### Task description
The records below must be reproduced exactly. Strip out the pictures.

### Extracted records
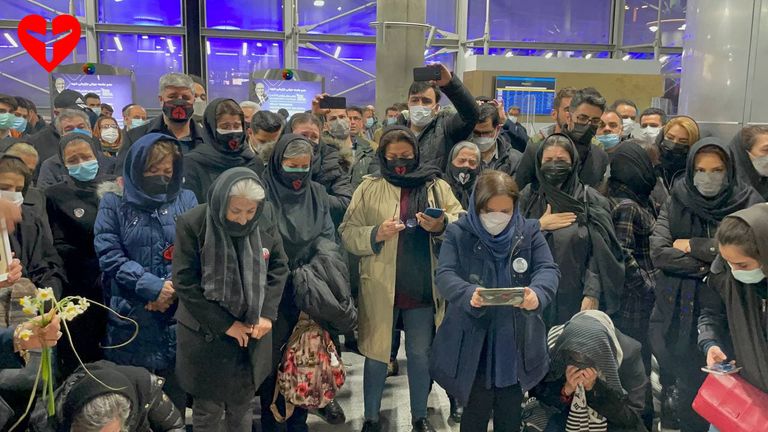 ذوو ضحايا الطائرة الأوكرانية من الإيرانيين بانتظار عدالة غائبة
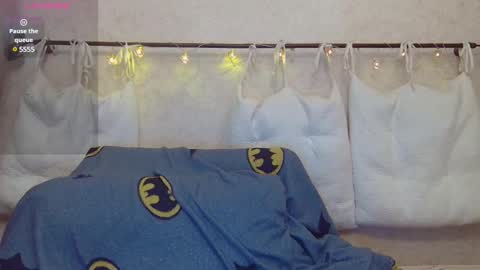 Snapshot of alicewoolfy chatting on December 5, 8:55 pm AliceWoolfy online show from December 5, 8:55 pm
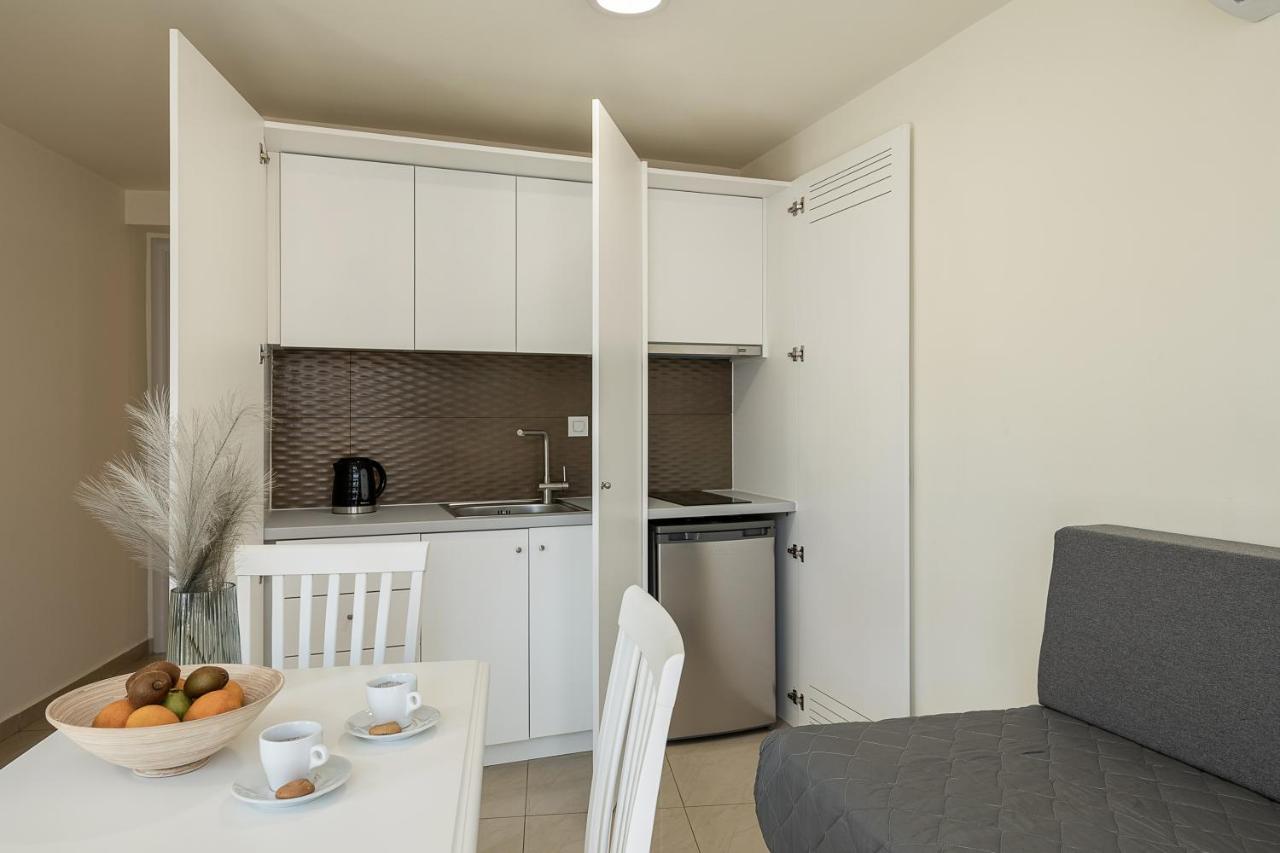 Elia Platanias Hotel ปลาเตเนียส ภายนอก รูปภาพ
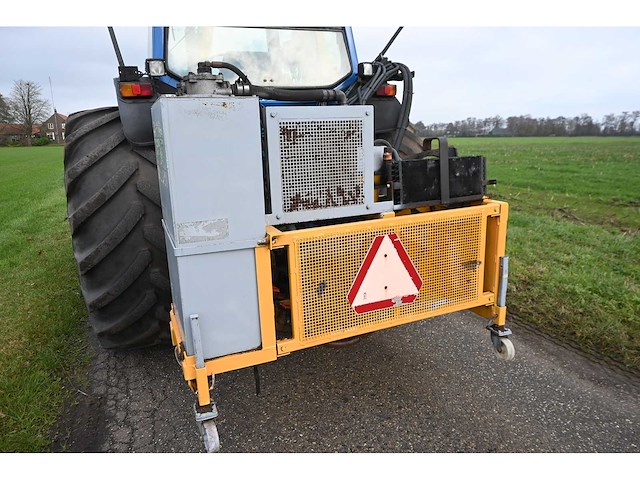 Ford - 8630 power shift - 40km p/u vierwielaangedreven landbouwtractor met hydraulische klepel-maaier opbouw bos type he 7500d met toebehoren - afbeelding 19 van  47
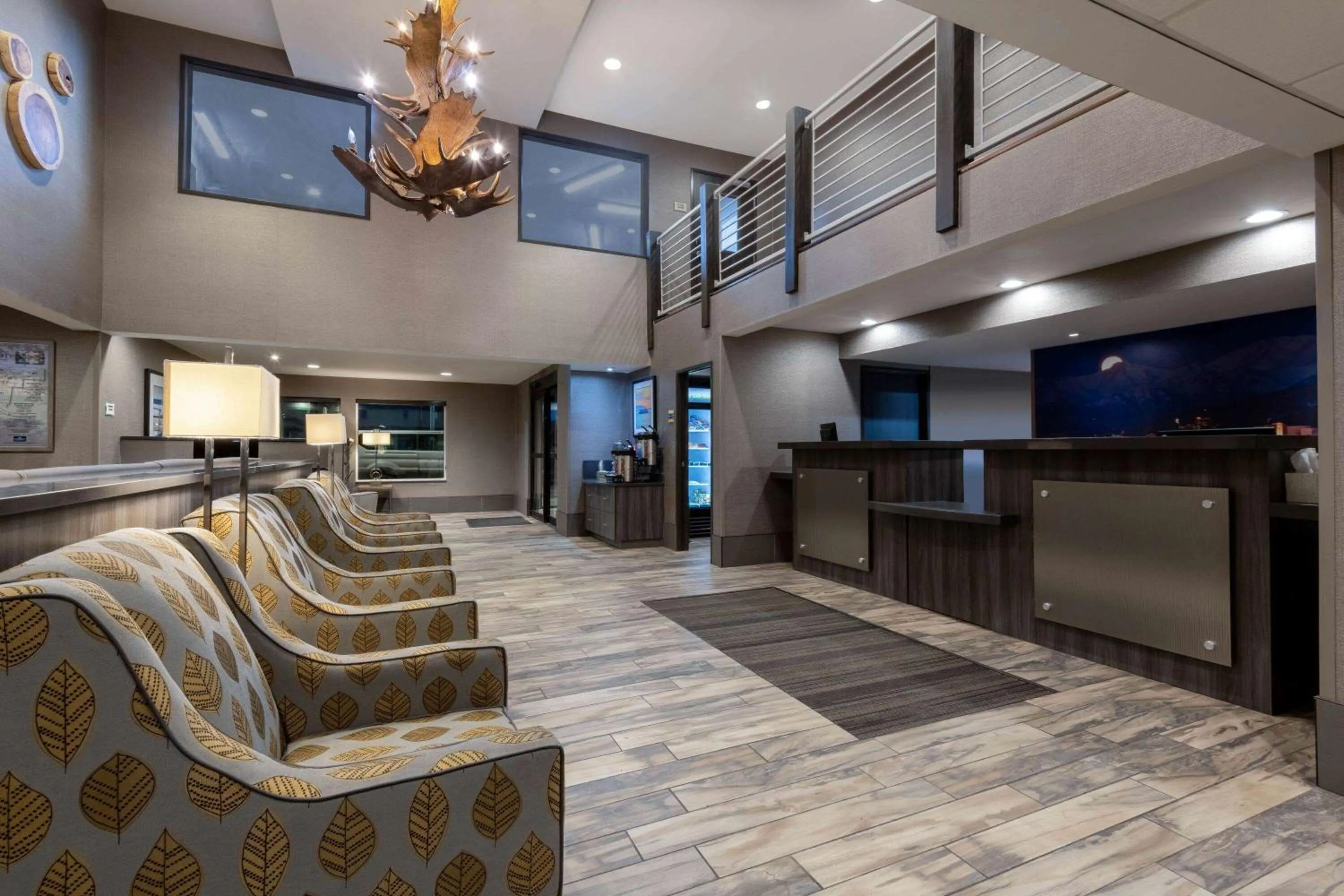 Lobby or reception in La Quinta by Wyndham Anchorage Airport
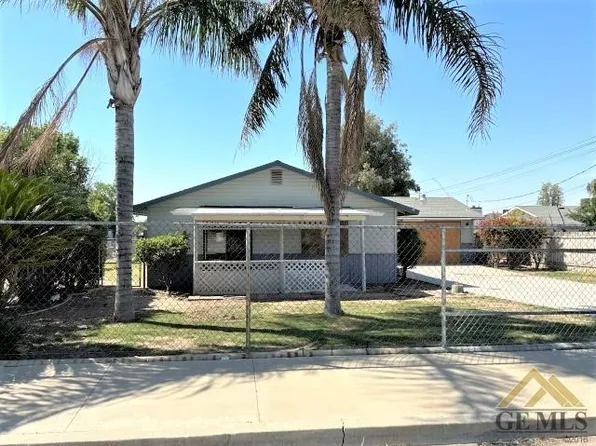 8517 Pioneer Dr, Bakersfield, CA 93306
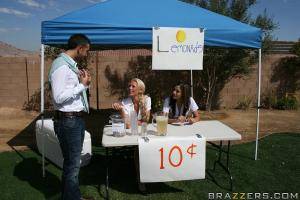 Original 900 px/ 600 px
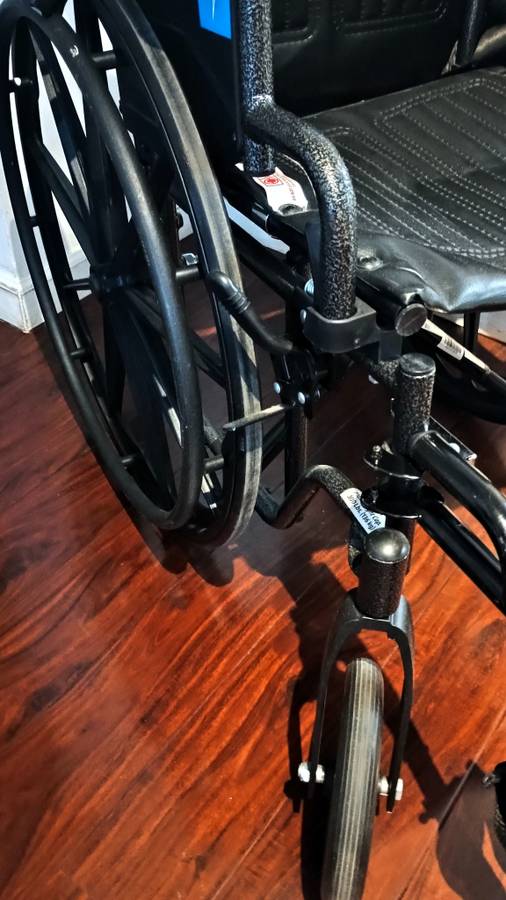 Medline Guardian K1 Folding Manual Wheelchair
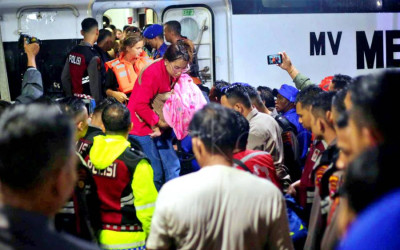 Tim SAR Evakuasi Penumpang Mentawai Fast di Muara Padang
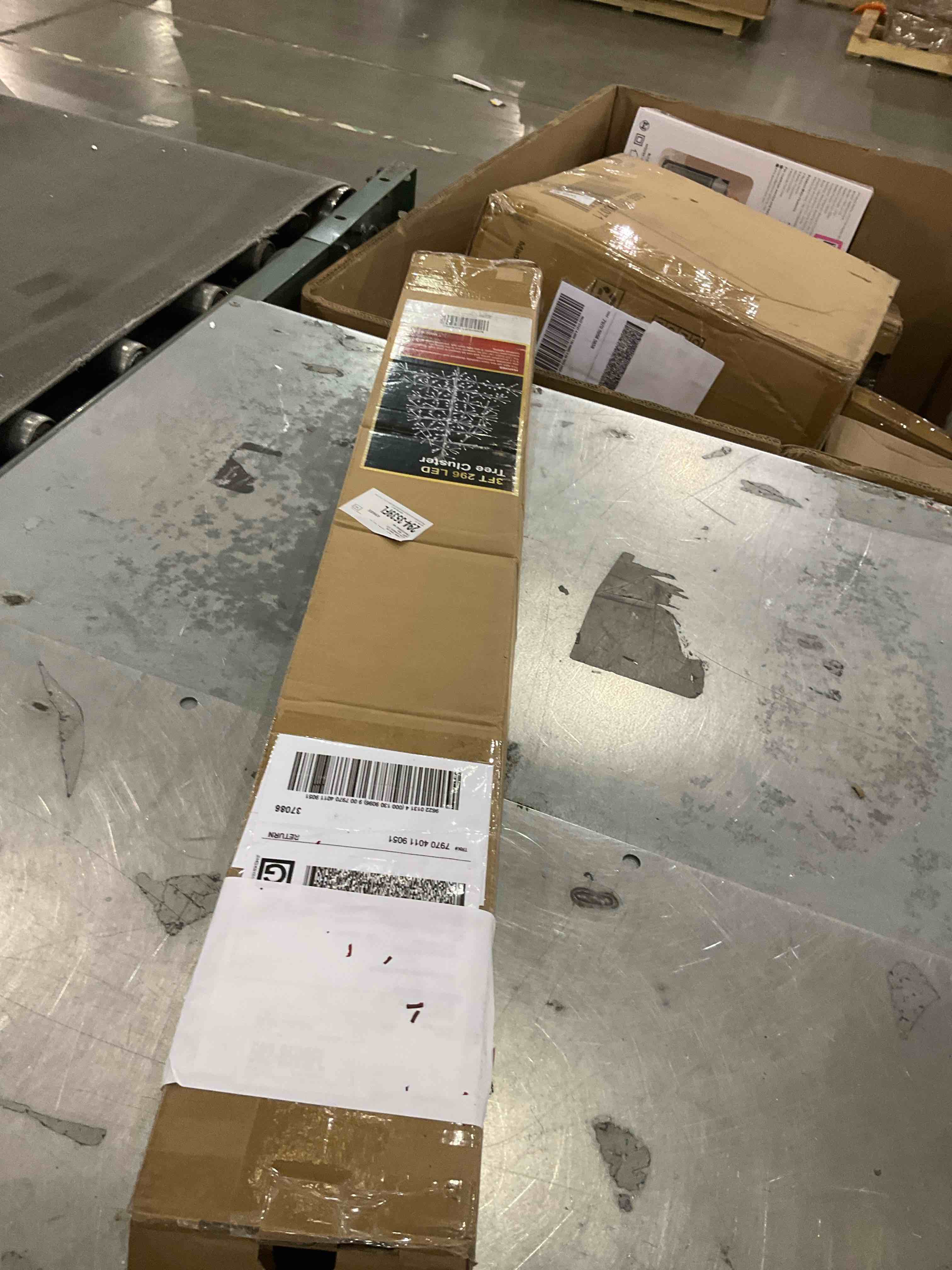 https://s3.amazonaws.com/lotting-images-prod/bidfta/PNK0268292_1734966519725.jpeg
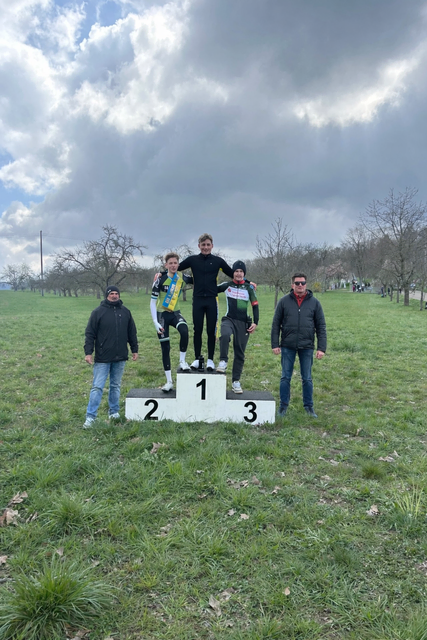 Hannes Sprenger fuhr einen spitzen 1. Platz in Backnang auf dem Rennrad ein. -Top Leistung!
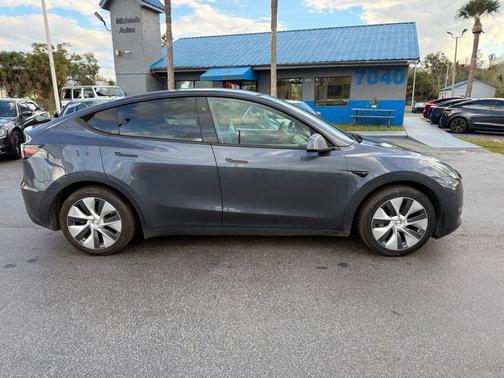 2023 Tesla Model Y Long Range AWD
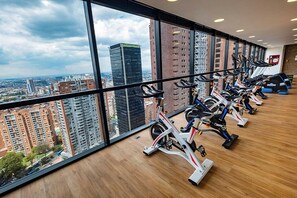 Fitness facility - Luxury Loft - Pool - Gym - Prime Location Near Monserrate & Museums in Bogotá (Bogotá)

### Task solution
 ذوو ضحايا الطائرة الأوكرانية من الإيرانيين بانتظار عدالة غائبة
 Snapshot of alicewoolfy chatting on December 5, 8:55 pm AliceWoolfy online show from December 5, 8:55 pm
 Elia Platanias Hotel ปลาเตเนียส ภายนอก รูปภาพ
 Ford - 8630 power shift - 40km p/u vierwielaangedreven landbouwtractor met hydraulische klepel-maaier opbouw bos type he 7500d met toebehoren - afbeelding 19 van  47
 Lobby or reception in La Quinta by Wyndham Anchorage Airport
 8517 Pioneer Dr, Bakersfield, CA 93306
 Original 900 px/ 600 px
 Medline Guardian K1 Folding Manual Wheelchair
 Tim SAR Evakuasi Penumpang Mentawai Fast di Muara Padang
 https://s3.amazonaws.com/lotting-images-prod/bidfta/PNK0268292_1734966519725.jpeg
 Hannes Sprenger fuhr einen spitzen 1. Platz in Backnang auf dem Rennrad ein. -Top Leistung!
 2023 Tesla Model Y Long Range AWD
 Fitness facility - Luxury Loft - Pool - Gym - Prime Location Near Monserrate & Museums in Bogotá (Bogotá)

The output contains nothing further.